(Source information)

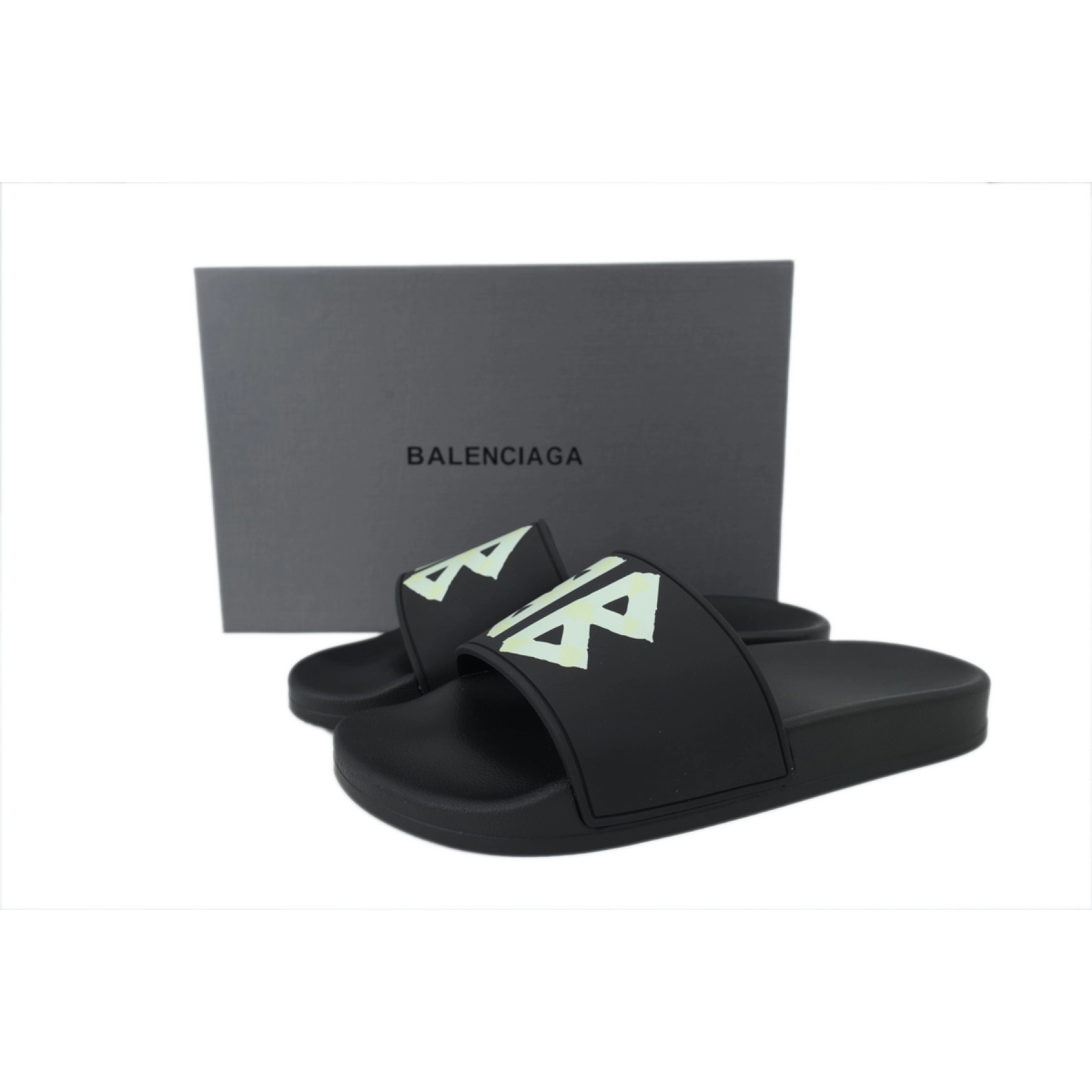 Balenciaga Pool Slide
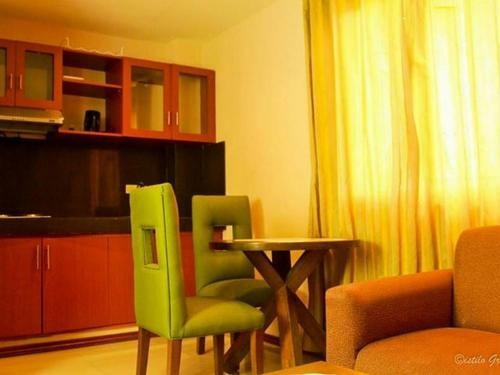 Hidden Pearl Hotel (janus Luxury Suites)
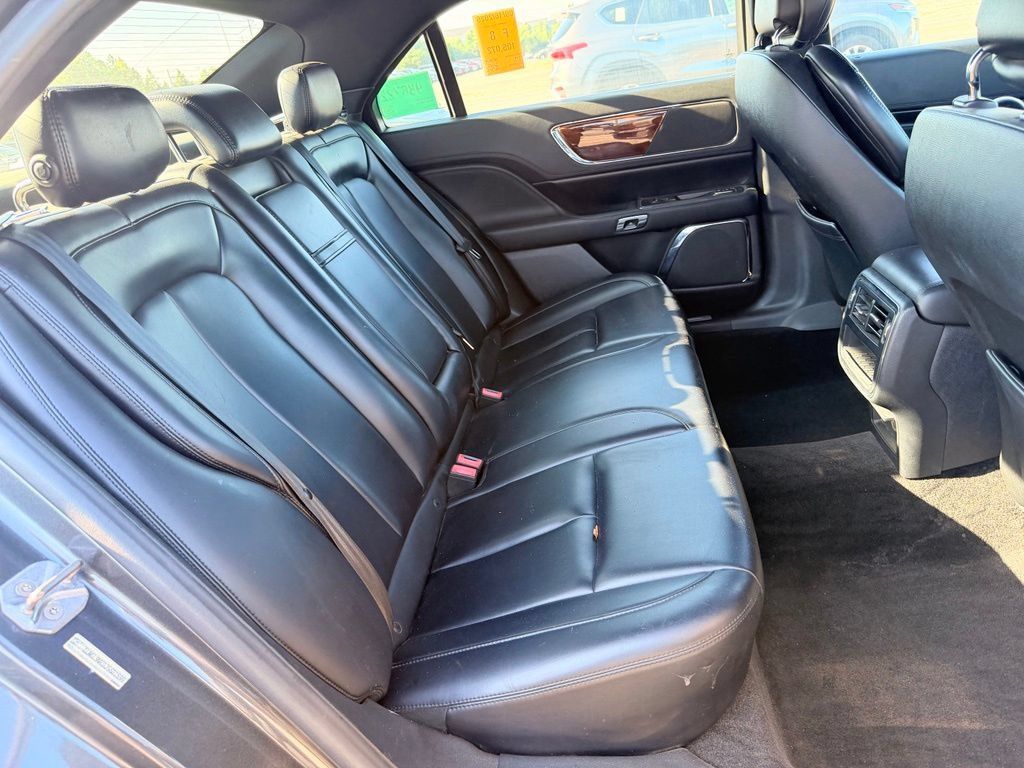 Used 2018 Lincoln Continental Premiere AWD/4WD image 15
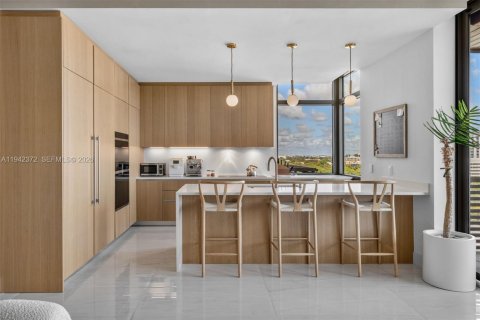 Condominio en venta en Coral Gables, Florida, 4 dormitorios, 280.56 m2 № 2002678 - foto 22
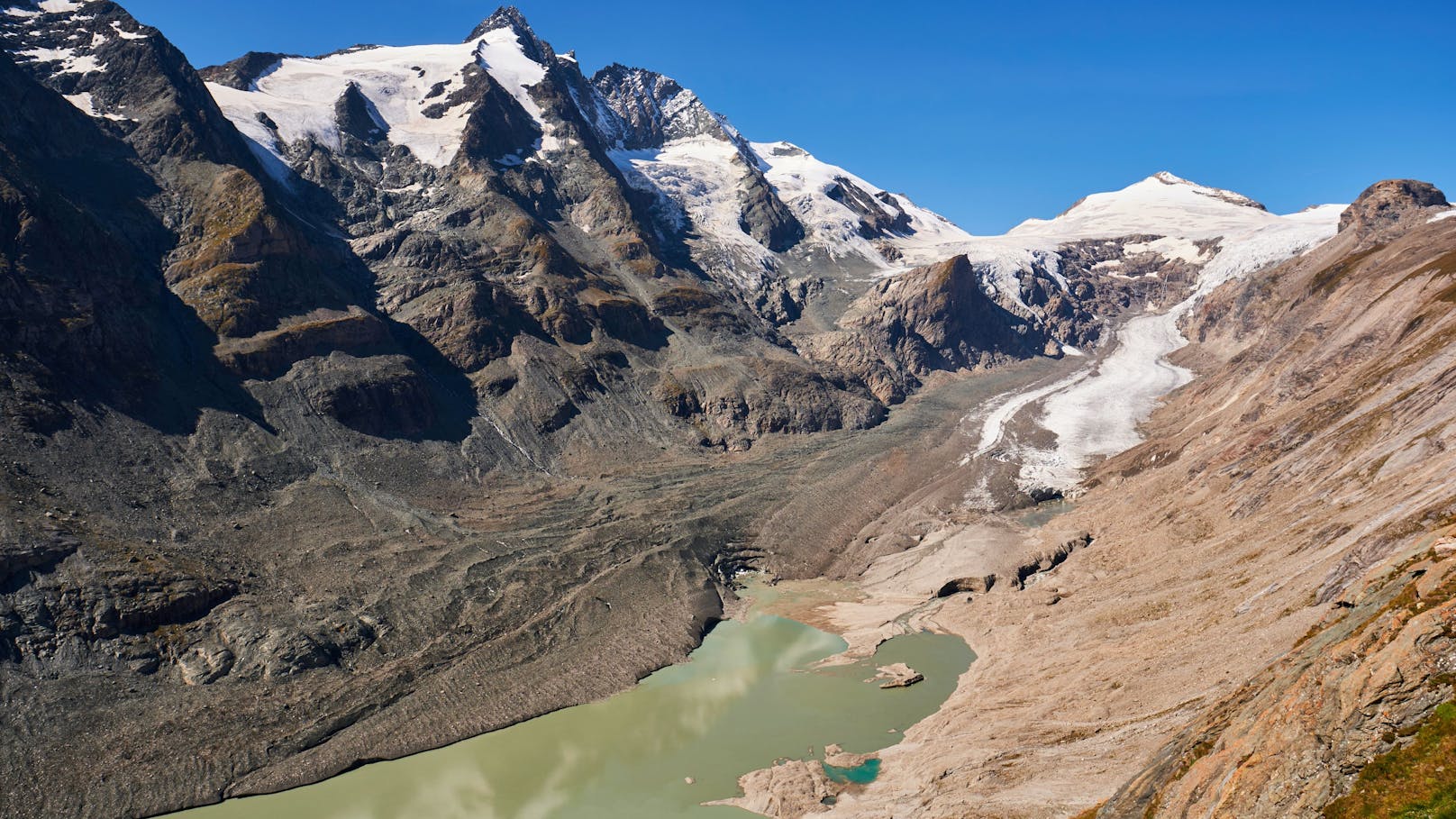 Alleine <strong>2020</strong> verlor die Pasterze 51 Meter an Länge: Anstatt einer mächtigen Gletscherzunge stehen Besucher inzwischen vor einem See.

(End Source information)

Exercise aim:
Copy the records exactly, leaving out every picture.

Answer below:
 Balenciaga Pool Slide
 Hidden Pearl Hotel (janus Luxury Suites)
 Used 2018 Lincoln Continental Premiere AWD/4WD image 15
 Condominio en venta en Coral Gables, Florida, 4 dormitorios, 280.56 m2 № 2002678 - foto 22
 Alleine <strong>2020</strong> verlor die Pasterze 51 Meter an Länge: Anstatt einer mächtigen Gletscherzunge stehen Besucher inzwischen vor einem See.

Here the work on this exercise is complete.